SUPPLIED DATA:
Start of Block

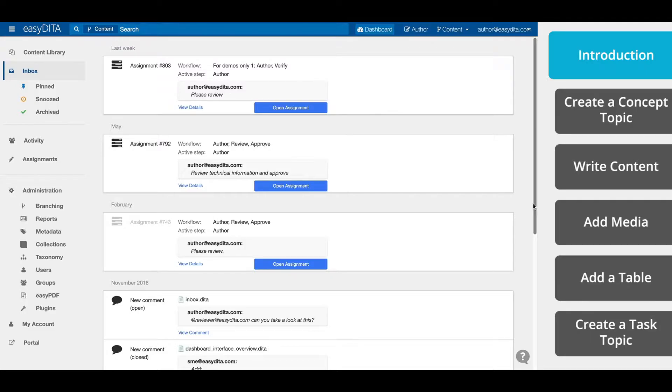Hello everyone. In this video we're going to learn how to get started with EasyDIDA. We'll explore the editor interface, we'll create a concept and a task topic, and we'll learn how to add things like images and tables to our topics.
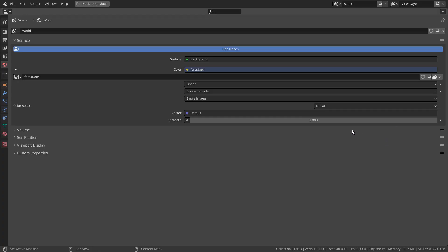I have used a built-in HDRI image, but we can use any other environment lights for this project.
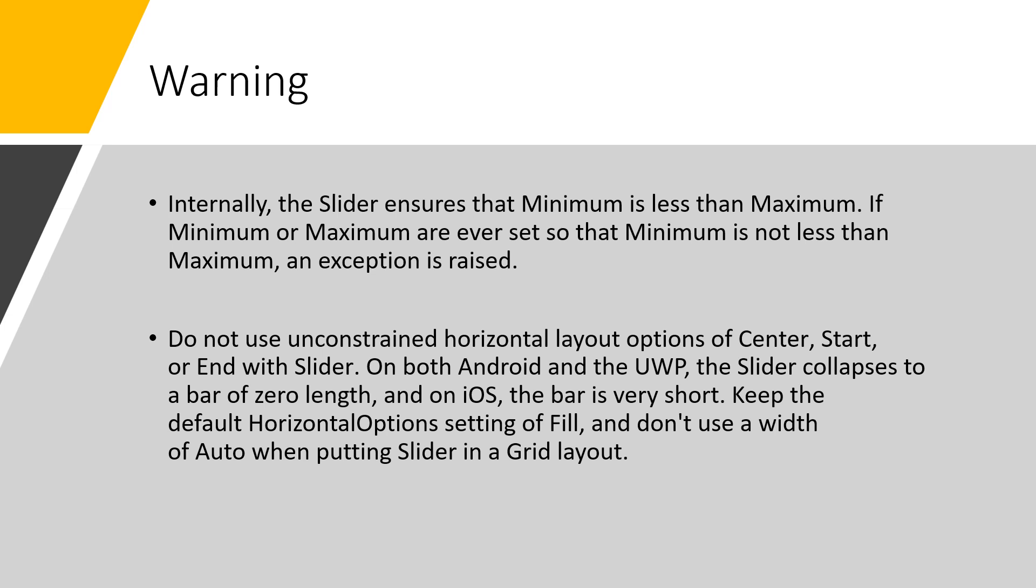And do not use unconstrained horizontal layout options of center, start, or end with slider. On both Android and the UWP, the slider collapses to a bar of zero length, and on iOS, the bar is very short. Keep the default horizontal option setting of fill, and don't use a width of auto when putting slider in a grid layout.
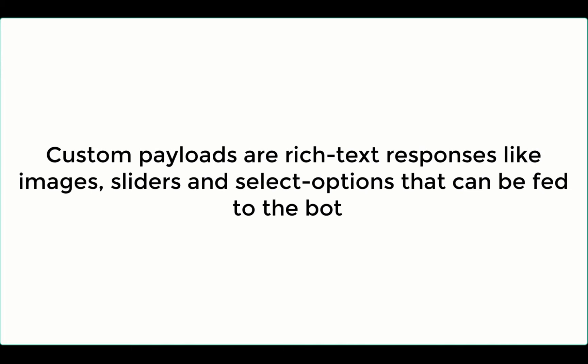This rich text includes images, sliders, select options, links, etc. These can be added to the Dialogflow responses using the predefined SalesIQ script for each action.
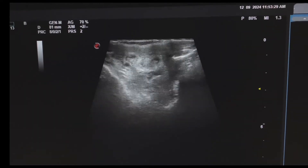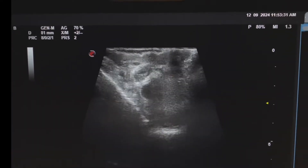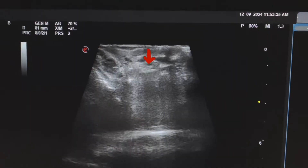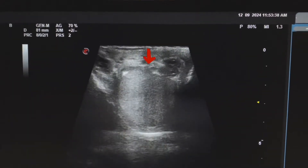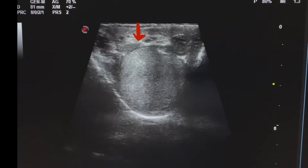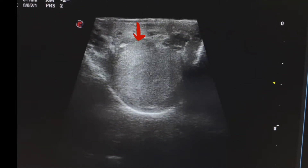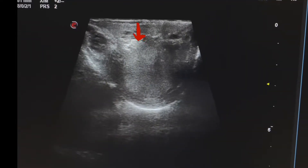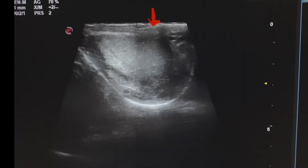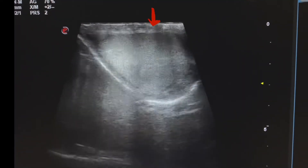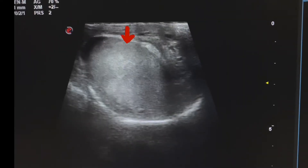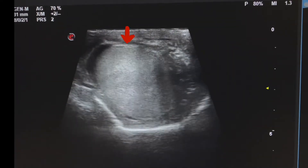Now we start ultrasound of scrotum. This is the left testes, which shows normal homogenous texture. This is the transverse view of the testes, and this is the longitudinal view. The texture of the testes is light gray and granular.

End of Block
Start of Block

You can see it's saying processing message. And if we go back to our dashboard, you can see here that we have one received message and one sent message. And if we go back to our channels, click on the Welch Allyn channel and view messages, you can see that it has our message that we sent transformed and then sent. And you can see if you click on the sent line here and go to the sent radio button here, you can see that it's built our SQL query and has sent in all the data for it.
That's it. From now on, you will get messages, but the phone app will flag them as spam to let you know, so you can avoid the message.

End of Block

WORK REQUIRED:
Above, find the line with "Hello everyone. In"; copy it and every line down to the line with "This rich text", exactly and both included, but no pictures.

TASK RESULT:
Hello everyone. In this video we're going to learn how to get started with EasyDIDA. We'll explore the editor interface, we'll create a concept and a task topic, and we'll learn how to add things like images and tables to our topics.
I have used a built-in HDRI image, but we can use any other environment lights for this project.
And do not use unconstrained horizontal layout options of center, start, or end with slider. On both Android and the UWP, the slider collapses to a bar of zero length, and on iOS, the bar is very short. Keep the default horizontal option setting of fill, and don't use a width of auto when putting slider in a grid layout.
This rich text includes images, sliders, select options, links, etc. These can be added to the Dialogflow responses using the predefined SalesIQ script for each action.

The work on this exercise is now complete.